CVAug 24, 2020

Global-local Enhancement Network for NMFs-aware Sign Language Recognition

arXiv:2008.10428v274 citations
AI Analysis

This addresses sign language recognition for communication accessibility, but is incremental as it builds on existing SLR methods with a new dataset.

The paper tackles sign language recognition ambiguity caused by non-manual features (e.g., facial expressions) that change meaning despite identical hand gestures, by proposing a Global-local Enhancement Network (GLE-Net) with two streams for global context and fine-grained cues, achieving effectiveness on new and existing datasets.

Sign language recognition (SLR) is a challenging problem, involving complex manual features, i.e., hand gestures, and fine-grained non-manual features (NMFs), i.e., facial expression, mouth shapes, etc. Although manual features are dominant, non-manual features also play an important role in the expression of a sign word. Specifically, many sign words convey different meanings due to non-manual features, even though they share the same hand gestures.

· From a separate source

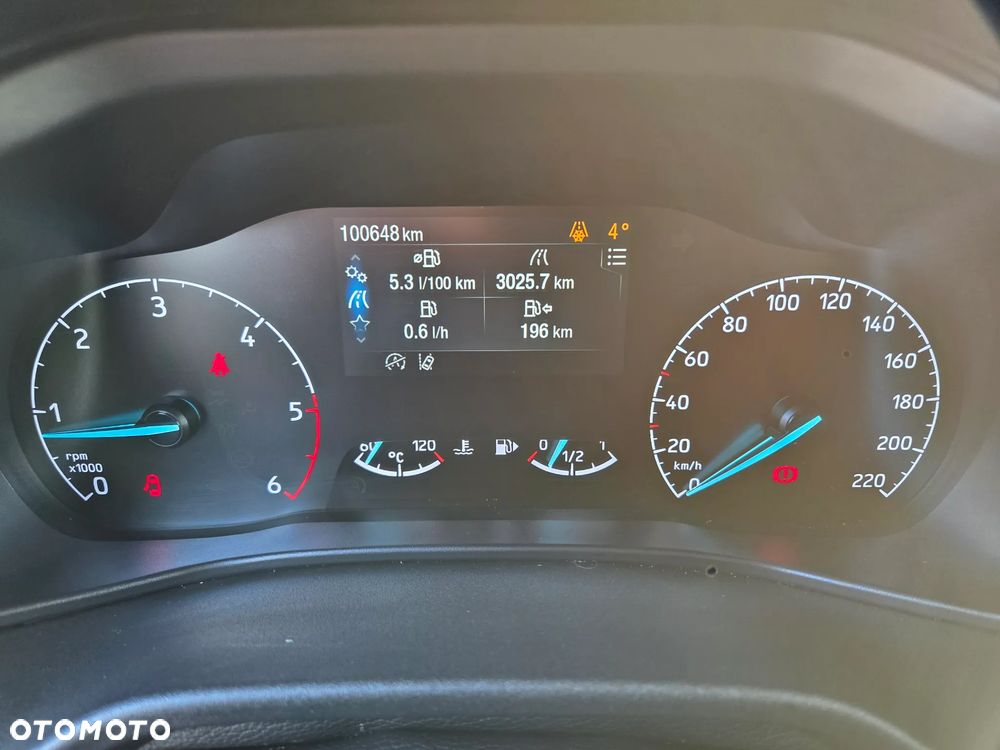 Ford Transit Connect - 13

This ambiguity introduces great challenges in the recognition of sign words. To tackle the above issue, we propose a simple yet effective architecture called Global-local Enhancement Network (GLE-Net), including two mutually promoted streams towards different crucial aspects of SLR. Of the two streams, one captures the global contextual relationship, while the other stream captures the discriminative fine-grained cues. Moreover, due to the lack of datasets explicitly focusing on this kind of features, we introduce the first non-manual-features-aware isolated Chinese sign language dataset~(NMFs-CSL) with a total vocabulary size of 1,067 sign words in daily life. Extensive experiments on NMFs-CSL and SLR500 datasets demonstrate the effectiveness of our method.